[AIM OF THE EXERCISE]: Write out every line below that includes the word "Ford".

Saved data entries
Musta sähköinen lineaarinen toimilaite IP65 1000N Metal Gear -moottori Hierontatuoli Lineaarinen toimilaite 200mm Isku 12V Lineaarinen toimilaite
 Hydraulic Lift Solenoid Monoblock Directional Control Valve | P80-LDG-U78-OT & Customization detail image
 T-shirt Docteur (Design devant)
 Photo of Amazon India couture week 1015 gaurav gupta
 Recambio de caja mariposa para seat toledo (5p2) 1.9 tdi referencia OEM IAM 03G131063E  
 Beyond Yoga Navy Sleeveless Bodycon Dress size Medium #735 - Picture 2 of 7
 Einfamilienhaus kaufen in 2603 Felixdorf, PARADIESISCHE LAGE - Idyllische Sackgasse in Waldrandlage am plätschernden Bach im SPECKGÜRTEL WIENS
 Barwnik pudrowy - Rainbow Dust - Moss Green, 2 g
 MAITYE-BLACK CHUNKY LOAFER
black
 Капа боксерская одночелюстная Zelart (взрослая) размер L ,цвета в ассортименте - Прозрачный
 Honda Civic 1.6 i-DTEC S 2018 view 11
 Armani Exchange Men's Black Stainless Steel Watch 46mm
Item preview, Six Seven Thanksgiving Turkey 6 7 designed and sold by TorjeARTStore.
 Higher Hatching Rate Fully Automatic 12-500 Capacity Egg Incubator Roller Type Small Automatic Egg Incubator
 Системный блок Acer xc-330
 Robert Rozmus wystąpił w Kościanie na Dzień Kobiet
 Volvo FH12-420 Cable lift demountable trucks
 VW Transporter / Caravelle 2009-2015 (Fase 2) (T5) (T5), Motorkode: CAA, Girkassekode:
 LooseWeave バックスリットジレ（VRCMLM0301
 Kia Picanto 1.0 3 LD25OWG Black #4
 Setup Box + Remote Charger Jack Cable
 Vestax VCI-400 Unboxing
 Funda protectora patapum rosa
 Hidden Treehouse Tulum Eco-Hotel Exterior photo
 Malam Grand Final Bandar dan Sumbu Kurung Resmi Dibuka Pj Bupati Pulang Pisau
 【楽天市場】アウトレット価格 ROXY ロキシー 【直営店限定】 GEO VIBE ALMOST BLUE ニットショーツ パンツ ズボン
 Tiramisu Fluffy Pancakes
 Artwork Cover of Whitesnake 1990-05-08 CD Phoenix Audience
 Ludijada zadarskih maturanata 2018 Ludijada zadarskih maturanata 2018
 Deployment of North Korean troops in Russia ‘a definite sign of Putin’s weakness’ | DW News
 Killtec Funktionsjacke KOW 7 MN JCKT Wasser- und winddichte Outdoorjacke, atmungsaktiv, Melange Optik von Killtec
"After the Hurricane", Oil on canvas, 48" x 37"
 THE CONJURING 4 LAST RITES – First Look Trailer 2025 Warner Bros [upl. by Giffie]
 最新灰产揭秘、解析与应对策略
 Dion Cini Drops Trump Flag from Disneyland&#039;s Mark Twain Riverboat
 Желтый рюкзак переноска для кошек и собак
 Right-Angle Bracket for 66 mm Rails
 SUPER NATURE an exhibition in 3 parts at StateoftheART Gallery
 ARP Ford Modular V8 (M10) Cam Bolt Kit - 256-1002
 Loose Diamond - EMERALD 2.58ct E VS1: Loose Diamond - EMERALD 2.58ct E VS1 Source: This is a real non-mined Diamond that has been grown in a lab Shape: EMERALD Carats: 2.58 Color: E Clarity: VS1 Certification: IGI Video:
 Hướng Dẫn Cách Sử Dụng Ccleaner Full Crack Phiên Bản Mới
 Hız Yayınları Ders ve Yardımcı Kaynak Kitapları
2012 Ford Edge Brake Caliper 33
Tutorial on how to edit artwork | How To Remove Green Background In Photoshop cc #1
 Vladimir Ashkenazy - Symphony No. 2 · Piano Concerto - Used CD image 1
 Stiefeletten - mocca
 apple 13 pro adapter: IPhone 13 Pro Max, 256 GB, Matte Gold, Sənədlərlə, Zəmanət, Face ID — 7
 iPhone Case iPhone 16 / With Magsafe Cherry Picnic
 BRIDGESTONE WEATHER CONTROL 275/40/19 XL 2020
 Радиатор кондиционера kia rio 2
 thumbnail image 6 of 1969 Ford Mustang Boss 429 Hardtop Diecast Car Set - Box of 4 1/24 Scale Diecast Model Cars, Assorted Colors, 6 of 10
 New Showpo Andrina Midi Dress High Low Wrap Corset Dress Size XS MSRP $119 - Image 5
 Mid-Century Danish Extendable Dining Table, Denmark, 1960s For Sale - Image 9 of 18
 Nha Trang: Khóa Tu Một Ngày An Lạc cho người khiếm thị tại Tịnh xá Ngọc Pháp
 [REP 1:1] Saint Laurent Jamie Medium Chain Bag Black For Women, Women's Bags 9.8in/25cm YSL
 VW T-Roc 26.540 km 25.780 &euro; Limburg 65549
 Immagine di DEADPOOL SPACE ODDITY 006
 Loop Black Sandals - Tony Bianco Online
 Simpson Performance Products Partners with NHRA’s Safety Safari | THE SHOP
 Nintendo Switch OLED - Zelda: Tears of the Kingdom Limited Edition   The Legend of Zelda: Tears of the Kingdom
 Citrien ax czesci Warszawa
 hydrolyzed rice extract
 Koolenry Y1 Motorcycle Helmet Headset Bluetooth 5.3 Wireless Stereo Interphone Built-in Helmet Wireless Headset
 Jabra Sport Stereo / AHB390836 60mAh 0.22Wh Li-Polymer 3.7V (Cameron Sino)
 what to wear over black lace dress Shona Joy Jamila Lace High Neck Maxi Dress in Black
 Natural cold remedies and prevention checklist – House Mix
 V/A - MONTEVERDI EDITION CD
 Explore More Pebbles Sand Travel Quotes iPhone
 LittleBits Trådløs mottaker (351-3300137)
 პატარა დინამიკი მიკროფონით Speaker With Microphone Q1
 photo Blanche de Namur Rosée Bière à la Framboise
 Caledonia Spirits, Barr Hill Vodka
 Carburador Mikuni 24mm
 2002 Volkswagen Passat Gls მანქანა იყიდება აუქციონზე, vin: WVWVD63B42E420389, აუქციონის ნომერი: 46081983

[EXERCISE SOLUTION]:
 ARP Ford Modular V8 (M10) Cam Bolt Kit - 256-1002
2012 Ford Edge Brake Caliper 33
 thumbnail image 6 of 1969 Ford Mustang Boss 429 Hardtop Diecast Car Set - Box of 4 1/24 Scale Diecast Model Cars, Assorted Colors, 6 of 10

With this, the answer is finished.